Stored dataset items
--- START ---

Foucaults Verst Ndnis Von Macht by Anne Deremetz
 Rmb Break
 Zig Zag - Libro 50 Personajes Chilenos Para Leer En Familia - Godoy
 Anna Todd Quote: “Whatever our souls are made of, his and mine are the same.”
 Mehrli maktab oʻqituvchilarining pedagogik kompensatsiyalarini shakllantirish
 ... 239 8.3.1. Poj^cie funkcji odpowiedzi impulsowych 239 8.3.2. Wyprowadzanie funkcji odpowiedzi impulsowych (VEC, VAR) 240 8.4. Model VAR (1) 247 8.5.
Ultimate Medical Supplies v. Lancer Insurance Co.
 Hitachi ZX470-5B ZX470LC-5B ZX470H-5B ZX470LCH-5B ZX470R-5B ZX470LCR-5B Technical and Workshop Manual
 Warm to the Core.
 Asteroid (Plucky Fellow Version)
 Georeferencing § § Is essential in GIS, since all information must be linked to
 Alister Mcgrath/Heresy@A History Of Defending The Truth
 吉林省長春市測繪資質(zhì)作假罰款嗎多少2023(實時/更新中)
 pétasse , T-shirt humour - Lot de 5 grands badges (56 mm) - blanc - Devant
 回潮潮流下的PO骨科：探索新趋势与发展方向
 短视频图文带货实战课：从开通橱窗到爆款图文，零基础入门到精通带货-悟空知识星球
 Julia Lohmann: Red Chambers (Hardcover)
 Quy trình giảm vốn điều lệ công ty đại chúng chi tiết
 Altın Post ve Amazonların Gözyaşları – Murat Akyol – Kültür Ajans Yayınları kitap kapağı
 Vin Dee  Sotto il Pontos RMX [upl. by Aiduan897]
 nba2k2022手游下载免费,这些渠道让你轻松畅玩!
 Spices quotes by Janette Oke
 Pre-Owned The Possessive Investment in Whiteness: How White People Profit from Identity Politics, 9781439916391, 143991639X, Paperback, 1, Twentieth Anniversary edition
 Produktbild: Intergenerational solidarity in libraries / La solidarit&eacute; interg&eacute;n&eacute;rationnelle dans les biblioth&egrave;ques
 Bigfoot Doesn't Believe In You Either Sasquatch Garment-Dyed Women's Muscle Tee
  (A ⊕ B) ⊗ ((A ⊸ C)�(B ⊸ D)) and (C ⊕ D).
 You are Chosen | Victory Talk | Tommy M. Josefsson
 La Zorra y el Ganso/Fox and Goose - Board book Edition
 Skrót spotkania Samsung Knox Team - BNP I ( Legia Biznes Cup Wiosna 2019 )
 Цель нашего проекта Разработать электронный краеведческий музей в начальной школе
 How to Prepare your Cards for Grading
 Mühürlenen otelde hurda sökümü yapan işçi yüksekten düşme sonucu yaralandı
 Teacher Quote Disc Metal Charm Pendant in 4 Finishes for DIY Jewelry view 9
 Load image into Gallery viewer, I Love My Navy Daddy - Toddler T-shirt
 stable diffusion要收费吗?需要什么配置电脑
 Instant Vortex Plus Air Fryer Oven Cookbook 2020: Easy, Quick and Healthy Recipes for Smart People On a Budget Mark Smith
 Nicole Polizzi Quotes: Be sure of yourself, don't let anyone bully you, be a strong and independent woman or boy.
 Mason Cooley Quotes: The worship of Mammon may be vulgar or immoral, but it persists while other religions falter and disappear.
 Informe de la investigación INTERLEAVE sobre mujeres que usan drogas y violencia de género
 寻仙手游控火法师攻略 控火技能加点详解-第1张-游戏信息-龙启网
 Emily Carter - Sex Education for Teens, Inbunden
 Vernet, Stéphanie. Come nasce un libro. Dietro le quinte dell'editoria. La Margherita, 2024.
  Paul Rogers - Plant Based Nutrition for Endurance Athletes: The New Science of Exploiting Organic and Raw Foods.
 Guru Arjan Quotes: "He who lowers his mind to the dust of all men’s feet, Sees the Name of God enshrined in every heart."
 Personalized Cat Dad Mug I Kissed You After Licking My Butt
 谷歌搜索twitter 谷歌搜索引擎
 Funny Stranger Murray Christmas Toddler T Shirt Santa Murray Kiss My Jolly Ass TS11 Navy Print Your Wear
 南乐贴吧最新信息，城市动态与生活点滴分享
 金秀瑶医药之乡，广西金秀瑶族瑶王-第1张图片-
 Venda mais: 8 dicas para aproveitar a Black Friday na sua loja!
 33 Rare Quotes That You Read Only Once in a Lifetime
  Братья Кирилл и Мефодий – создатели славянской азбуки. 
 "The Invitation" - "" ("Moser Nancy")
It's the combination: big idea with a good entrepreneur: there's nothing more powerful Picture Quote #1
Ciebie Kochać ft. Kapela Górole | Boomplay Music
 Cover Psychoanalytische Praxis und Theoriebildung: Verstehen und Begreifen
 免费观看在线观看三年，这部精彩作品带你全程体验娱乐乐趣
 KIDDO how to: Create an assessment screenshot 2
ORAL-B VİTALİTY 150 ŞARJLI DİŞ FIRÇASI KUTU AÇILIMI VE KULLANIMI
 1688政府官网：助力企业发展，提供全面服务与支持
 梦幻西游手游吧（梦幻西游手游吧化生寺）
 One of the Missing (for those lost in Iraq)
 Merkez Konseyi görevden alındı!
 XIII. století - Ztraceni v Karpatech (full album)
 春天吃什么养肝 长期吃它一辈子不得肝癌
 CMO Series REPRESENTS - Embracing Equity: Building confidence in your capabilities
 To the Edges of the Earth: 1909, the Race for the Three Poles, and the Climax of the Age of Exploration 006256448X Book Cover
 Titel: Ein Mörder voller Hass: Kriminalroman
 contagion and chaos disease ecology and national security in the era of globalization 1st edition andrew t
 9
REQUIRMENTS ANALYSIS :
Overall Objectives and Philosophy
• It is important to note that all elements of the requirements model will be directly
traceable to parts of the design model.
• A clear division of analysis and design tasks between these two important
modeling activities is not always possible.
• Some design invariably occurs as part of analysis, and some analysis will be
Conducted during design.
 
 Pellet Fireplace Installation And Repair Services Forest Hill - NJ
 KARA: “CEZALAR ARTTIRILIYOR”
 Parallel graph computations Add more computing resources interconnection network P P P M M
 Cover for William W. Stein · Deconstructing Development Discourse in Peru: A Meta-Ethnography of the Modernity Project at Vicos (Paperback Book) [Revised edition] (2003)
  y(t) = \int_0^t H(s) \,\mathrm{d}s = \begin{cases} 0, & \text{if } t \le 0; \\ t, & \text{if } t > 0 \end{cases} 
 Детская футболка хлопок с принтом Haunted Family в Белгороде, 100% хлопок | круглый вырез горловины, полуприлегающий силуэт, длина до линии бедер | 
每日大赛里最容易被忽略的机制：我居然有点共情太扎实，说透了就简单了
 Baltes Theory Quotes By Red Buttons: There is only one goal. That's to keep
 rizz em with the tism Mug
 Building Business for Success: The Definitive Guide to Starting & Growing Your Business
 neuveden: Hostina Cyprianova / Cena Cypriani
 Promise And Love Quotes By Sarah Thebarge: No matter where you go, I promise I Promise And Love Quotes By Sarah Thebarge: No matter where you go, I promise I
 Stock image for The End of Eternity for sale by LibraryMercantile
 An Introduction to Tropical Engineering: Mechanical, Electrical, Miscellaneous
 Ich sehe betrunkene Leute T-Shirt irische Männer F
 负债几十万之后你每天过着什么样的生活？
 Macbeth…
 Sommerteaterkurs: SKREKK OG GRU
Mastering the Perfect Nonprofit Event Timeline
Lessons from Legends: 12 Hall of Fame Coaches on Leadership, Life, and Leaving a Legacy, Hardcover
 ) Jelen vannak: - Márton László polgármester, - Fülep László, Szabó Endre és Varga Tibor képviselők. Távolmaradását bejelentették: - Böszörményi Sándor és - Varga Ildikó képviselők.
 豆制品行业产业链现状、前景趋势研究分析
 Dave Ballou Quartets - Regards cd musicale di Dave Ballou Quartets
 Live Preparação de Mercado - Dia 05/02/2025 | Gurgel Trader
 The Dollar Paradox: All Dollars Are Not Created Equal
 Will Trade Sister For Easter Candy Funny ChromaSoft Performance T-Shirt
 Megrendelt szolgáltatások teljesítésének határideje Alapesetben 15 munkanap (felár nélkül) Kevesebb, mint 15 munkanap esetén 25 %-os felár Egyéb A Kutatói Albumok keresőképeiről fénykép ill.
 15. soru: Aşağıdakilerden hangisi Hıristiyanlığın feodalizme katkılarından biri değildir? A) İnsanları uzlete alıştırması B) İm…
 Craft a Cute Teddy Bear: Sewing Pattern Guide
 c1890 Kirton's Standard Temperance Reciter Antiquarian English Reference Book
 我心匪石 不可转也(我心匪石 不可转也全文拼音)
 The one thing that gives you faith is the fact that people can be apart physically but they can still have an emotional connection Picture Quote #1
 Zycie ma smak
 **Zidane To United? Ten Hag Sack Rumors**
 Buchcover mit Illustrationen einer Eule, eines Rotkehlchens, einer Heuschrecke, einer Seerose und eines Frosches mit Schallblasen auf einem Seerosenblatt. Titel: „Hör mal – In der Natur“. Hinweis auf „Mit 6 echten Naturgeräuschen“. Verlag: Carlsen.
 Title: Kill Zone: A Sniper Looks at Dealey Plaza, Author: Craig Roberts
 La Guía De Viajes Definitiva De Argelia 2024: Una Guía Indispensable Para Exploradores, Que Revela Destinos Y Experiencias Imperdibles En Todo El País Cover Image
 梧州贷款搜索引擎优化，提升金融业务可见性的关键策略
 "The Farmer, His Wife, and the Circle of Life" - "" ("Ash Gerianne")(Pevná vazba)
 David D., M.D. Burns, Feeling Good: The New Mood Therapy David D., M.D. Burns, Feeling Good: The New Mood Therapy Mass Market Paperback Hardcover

--- END ---

EXERCISE BRIEF:
Extract every line above containing the word "more".

RESPONSE TO THIS EXERCISE:
It's the combination: big idea with a good entrepreneur: there's nothing more powerful Picture Quote #1
 Parallel graph computations Add more computing resources interconnection network P P P M M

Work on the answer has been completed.